Architect: Shaw & Hunnewell
Location: 25970 Red Jacket Road, Calumet
Built: 1887
Addition on north: 1900
Addition on east: 1909, Charlton & Kuenzli
![chgeneral](http://ss.sites.mtu.edu/cca/wp-content/uploads/2016/09/sh_CHGeneral-300x225.jpg)
Fronting Red Jacket Road at the intersection of Calumet Ave., the two-and-one-half story C&H General Office Building was built by the Calumet & Hecla Mining Company, the largest U.S. producer of copper during the 1870s. Company operations were directed from this building, which also housed engineers, draftsmen, and accountants for the C&H Mining Company. Miners would wait inside the attached shed to collect their wages.
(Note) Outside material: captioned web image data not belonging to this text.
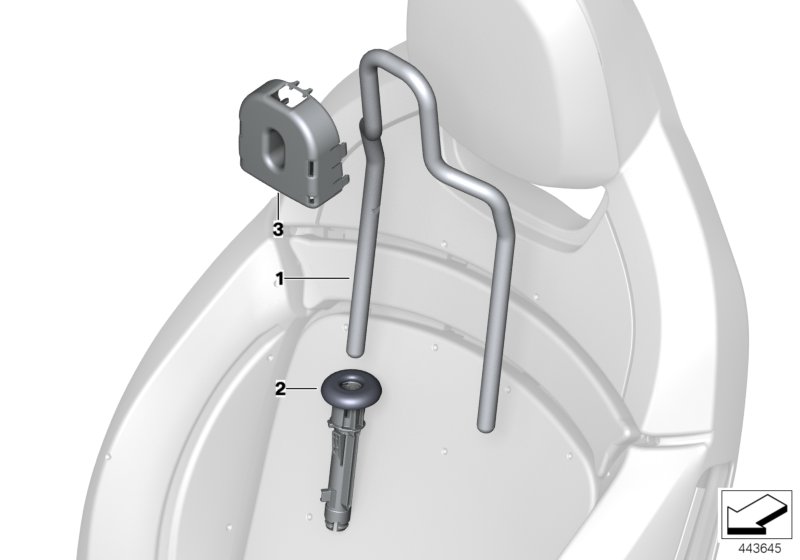 Подголовник переднего сиденья для BMW F56 JCW B48 (схема запчастей)
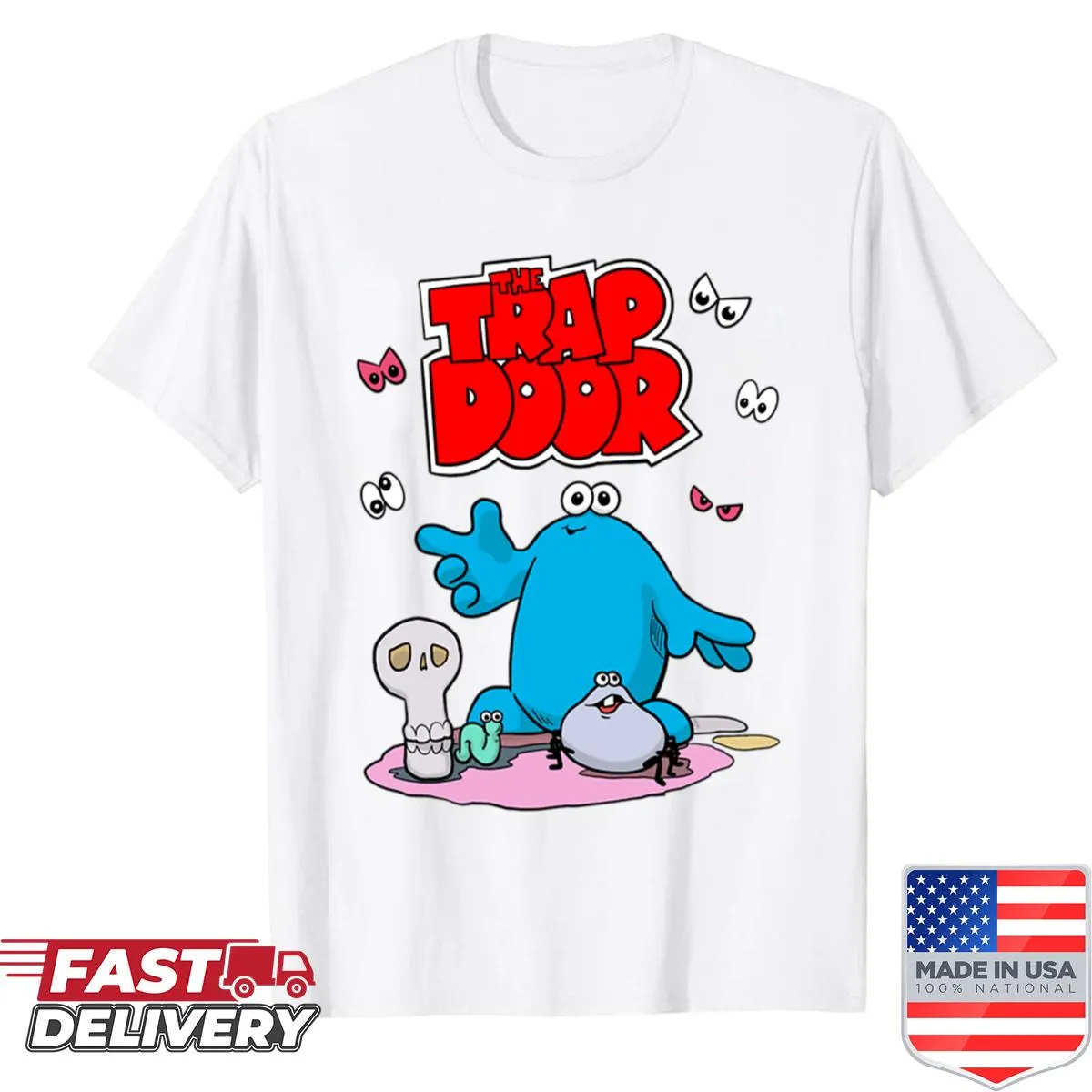 Cartoon-style shirt featuring characters from The Trap Door series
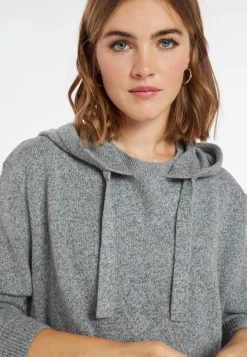 Montagut Pulls-Pull capuche laine et cachemire - Cassia 09-Gris moyen
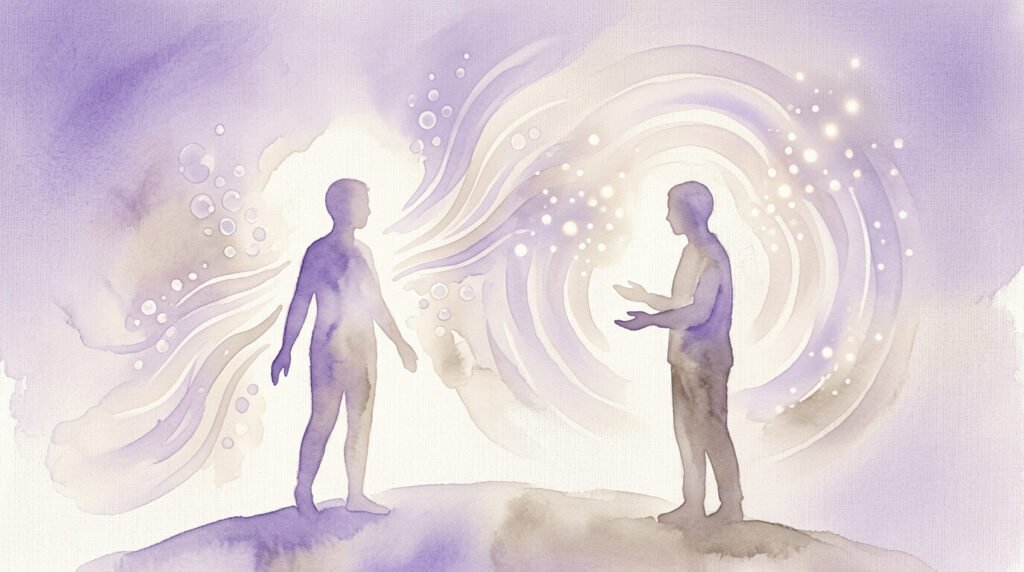 Illustration en aquarelle de deux silhouettes entourées d'ondes de lumière, représentant Gen Z et millennials sur les réseaux sociaux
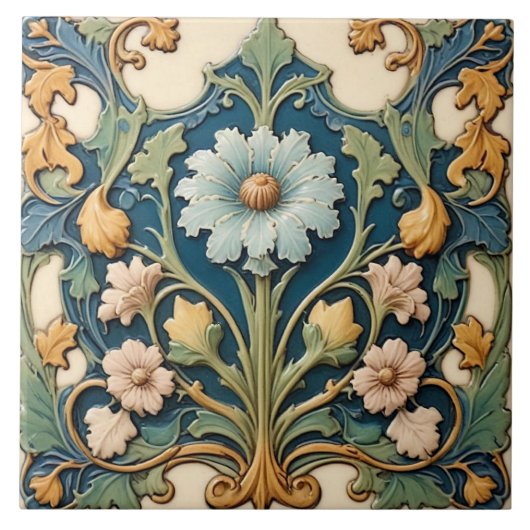 Blue Floral Ceramic Tile Tegeltje (Voorkant)
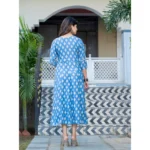 Generic Women's Rayon Print With Embroidery Work A-Line Kurti (Sky Blue) - Image 4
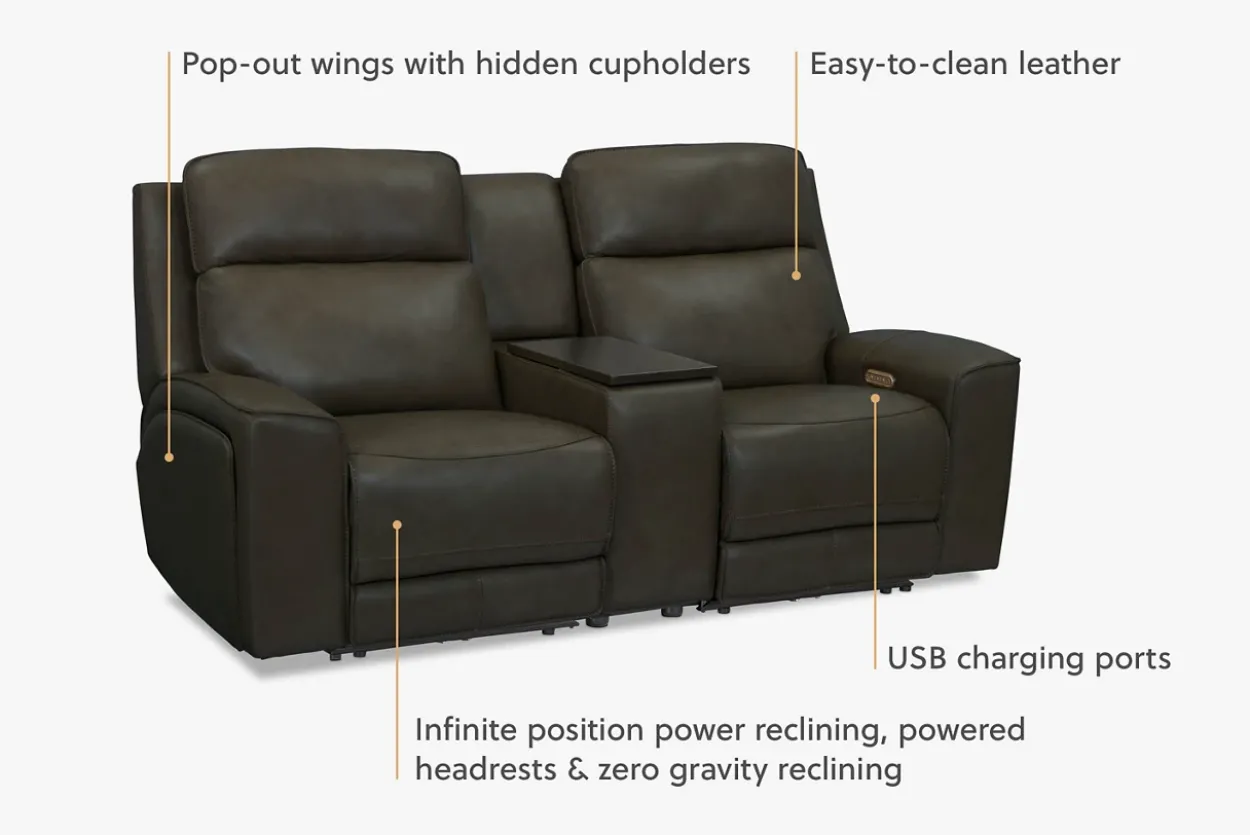 Micah Power Loveseat with Console
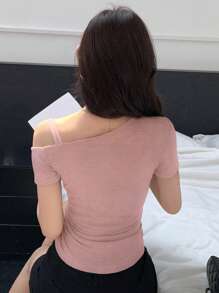 DAZY New 3D Butterfly Decor Slim Fit Sexy Women T-Shirt, Summer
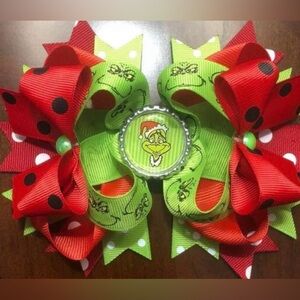 Grinch Christmas Hair Bow for Girls New Handmade Multi Layered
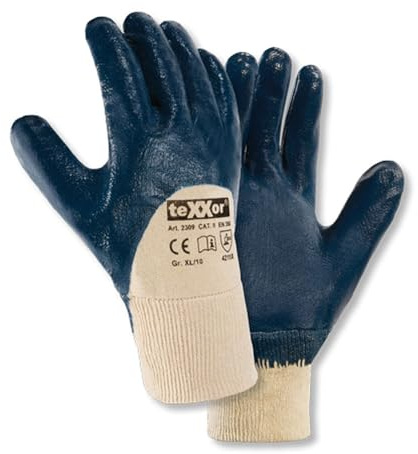 texxor 24 Stück Nitril-Handschuhe 2309, Strickbund, Packung, blau, 7/S, Nitrilhandschuhe, Arbeitshandschuhe, Strickgewebehandschuhe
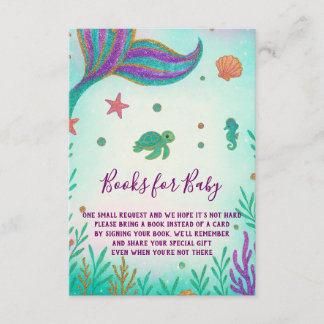 Mermaid Baby Shower Books für Babys Begleitkarte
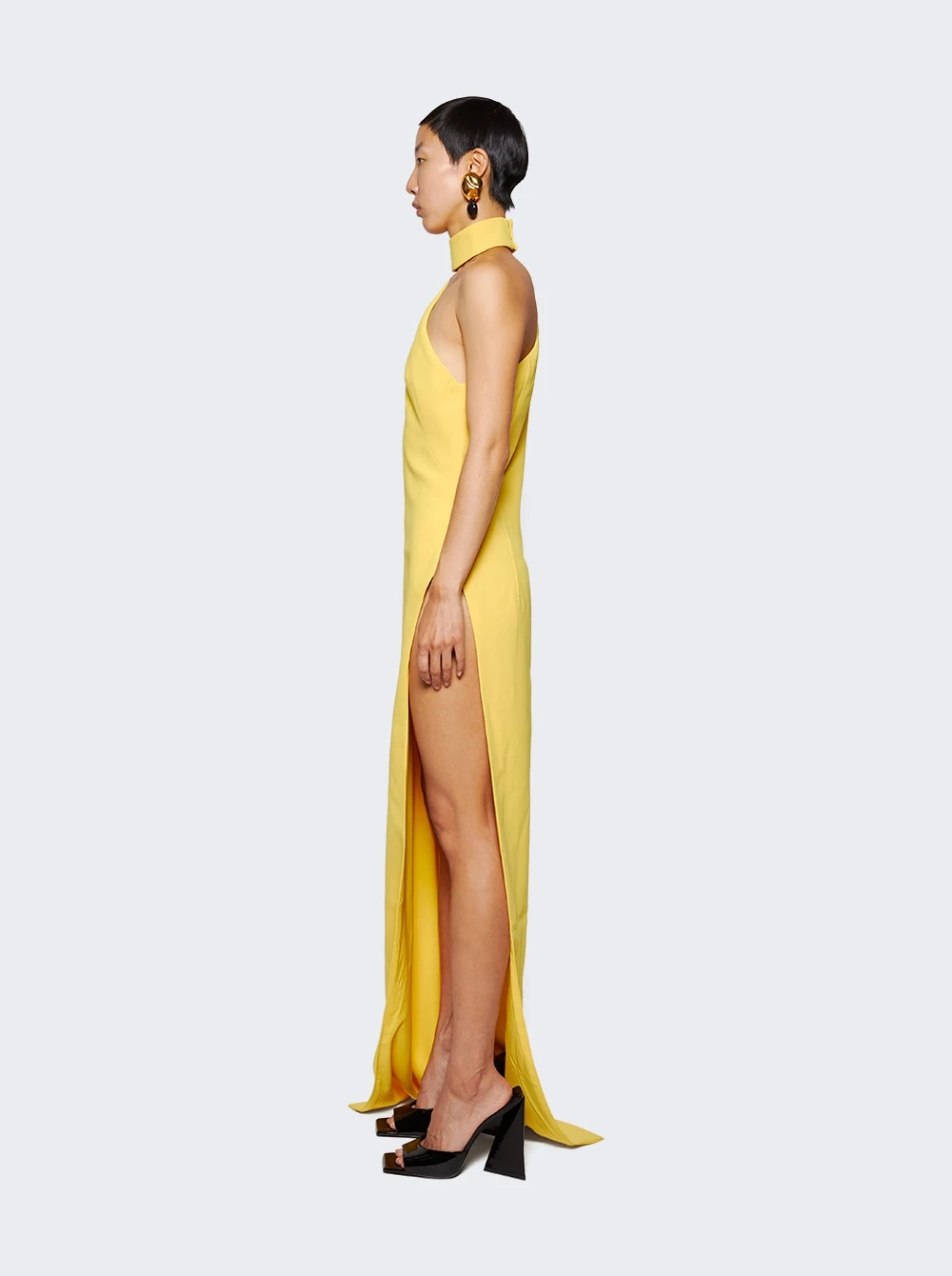 Asymmetrical High Neck Shoulder Dress Yellow - Image 4
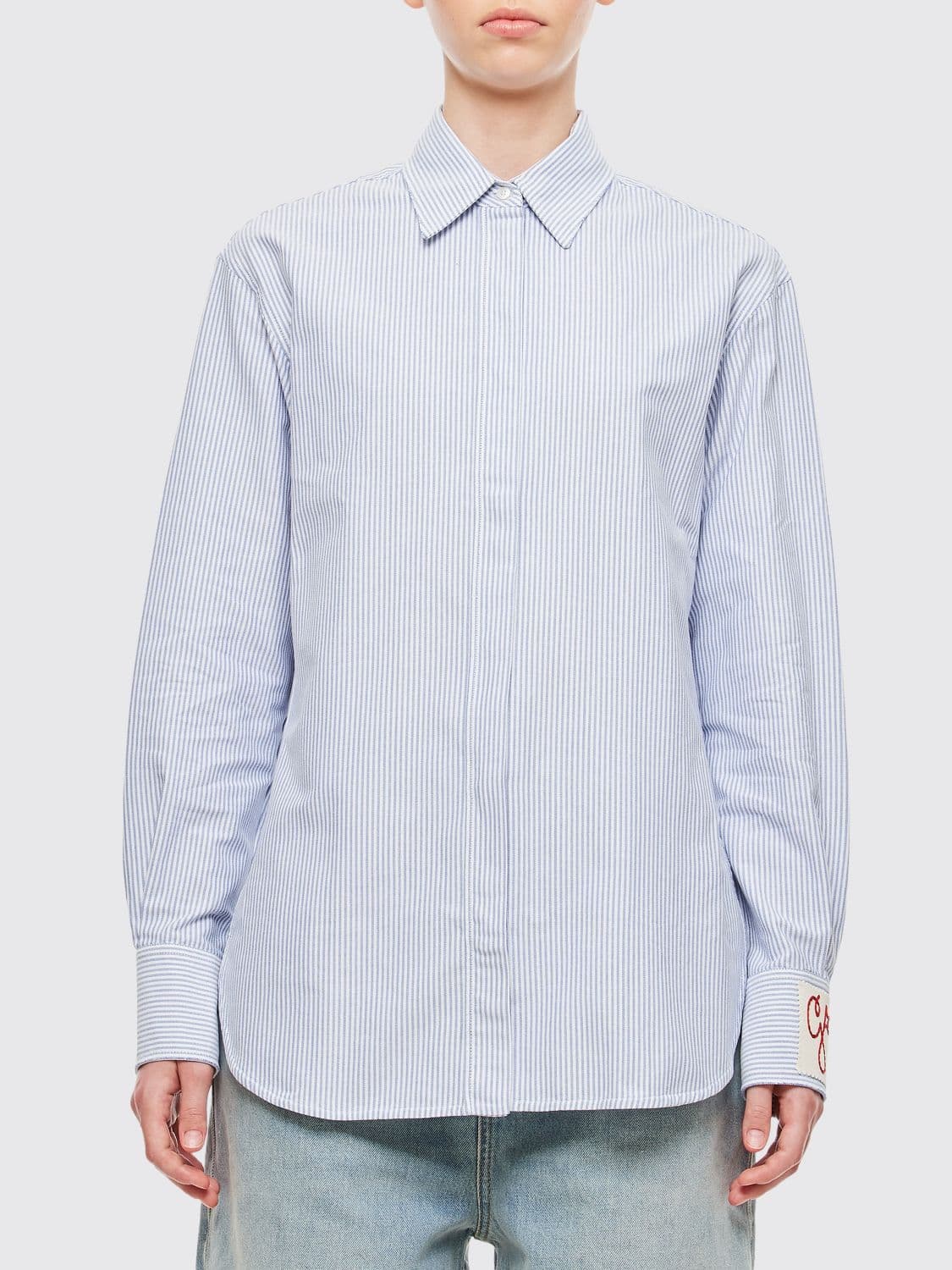 Golden Goose Long-Sleeved Striped Cotton Shirt with Concealed Placket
Shaw and Hunnewell’s designs for the building have been described as “broadly Italianate,” based on its Renaissance-inspired details such as quoins and formal elements (a flat, symmetrical façade, raised basement, and rectangular mass).1 The reddish-brown, black, and gray polygonal-shaped rubble is trimmed with bricks spanning the segmental-arched windows and doorways.2
Since 1992, the Keweenaw National Historical Park, established to commemorate the heritage of copper mining in Michigan’s Keweenaw Peninsula, has resided in the building.
![chgeneralearly](http://ss.sites.mtu.edu/cca/wp-content/uploads/2016/09/sh_CHGeneralEarly.jpg)
Buildings by Shaw & Hunnewell in the Copper Country
Notes
- Bjorkman, “Draft Historic Structure Report.”
- “Calumet and Hecla Industrial District,” National Register of Historic Places Nomination (U. S. Department of Interior, National Park Service, 1987).